Einzig passend ist wohl die Homophobie im Songtext. Die erinnert mich an die im Club verbrachte Nacht. Ich war mit einer Gruppe queerer, Schwarzer Menschen im Ausgang. Grosse Halle, Konzert, danach legte eine gemeinsame Freundin auf. In der Gruppe mit dabei war ein sehr gutaussehender schwuler Mann, der ein Outfit anhatte, in das sich die meisten Heteromänner nicht trauen würden.
Was sich einige solche aber sehr wohl trauten, waren Grapscher im Vorbeigehen, so schnell, dass wir als Gruppe kaum hinterher kamen – es war ein bisschen wie chillen am See ohne Mückenschutzmittel und leicht bekleidet. Jagt man der einen Mücke nach, ist die andere schon dabei, das Bein auszusaugen. Der Typ, der unseren Kollegen im Vorbeigehen erst süffisant anschaut, ihm dann einen Nippeltwist gibt, grapscht und weitereilt, bekommt später eben das Bier aufs Hemd.
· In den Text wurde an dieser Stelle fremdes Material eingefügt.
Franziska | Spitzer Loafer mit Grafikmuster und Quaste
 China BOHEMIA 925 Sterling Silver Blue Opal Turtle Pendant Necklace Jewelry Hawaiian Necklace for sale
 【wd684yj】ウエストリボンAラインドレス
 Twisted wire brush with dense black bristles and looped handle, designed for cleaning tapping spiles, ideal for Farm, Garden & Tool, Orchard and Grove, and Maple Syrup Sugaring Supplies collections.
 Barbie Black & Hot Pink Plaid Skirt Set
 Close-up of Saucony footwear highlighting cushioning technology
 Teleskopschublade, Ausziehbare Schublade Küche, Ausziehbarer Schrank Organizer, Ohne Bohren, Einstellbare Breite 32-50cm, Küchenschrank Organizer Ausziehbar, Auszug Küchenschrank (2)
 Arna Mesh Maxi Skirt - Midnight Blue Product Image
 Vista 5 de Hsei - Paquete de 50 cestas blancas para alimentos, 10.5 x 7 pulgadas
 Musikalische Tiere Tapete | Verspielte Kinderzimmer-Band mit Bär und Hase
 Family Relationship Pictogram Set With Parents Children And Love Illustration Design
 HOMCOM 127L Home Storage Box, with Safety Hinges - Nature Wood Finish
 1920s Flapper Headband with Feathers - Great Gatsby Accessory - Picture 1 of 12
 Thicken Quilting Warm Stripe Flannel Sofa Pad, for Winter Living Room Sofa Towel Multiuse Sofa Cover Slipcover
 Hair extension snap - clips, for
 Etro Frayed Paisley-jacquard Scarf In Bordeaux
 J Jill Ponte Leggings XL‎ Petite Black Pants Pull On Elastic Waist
Als wir zurückkommen, wird unser Kollege schon von zwei weiteren Männern bedrängt, die erst neugierig sind, dann aber plötzlich aggressiv werden. Ein Beobachter geht dazwischen und verhindert gerade noch, dass einer der beiden zuschlägt. Unser Kollege reagiert fast gewohnheitsmässig abgeklärt.
Die Bilanz des Abends: drei Situationen, die hätten gefährlich werden können, durch zumindest unserem Kollegen angedrohte physische Gewalt. Den Rest der Zeit: starrende Blicke, übergriffige Berührungen, dumme Sprüche, die uns allen galten. Ich frage mich, ob wir dem Ärger aus dem Weg hätten gehen können, die Halle war schliesslich voll mit anderen Menschen, die es auch schafften, ausgelassen Spass zu haben. Doch sich gar nicht zu wehren, wäre sicher nicht witziger gewesen.
Ich frage mich auch, ob ich wegen Covid vergessen habe, wie Partys in grossen Clubs so sind, oder ob die Leute, in diesem Fall Männer, wegen der Covid-Massnahmen aggressiver sind: hungrige Schwärme, die nach Stress lechzen, um Druck abzulassen. Es fällt mir wieder ein: Ich war auch vorher kaum mehr an Orten Party machen, die kein explizites Sicherheitskonzept hatten. Zu viel Stress. Kein Ort für mich und meine Leute.
FATIMA MOUMOUNI
überlegt sich, für den Sommer eine elektrische Fliegenklatsche zu kaufen.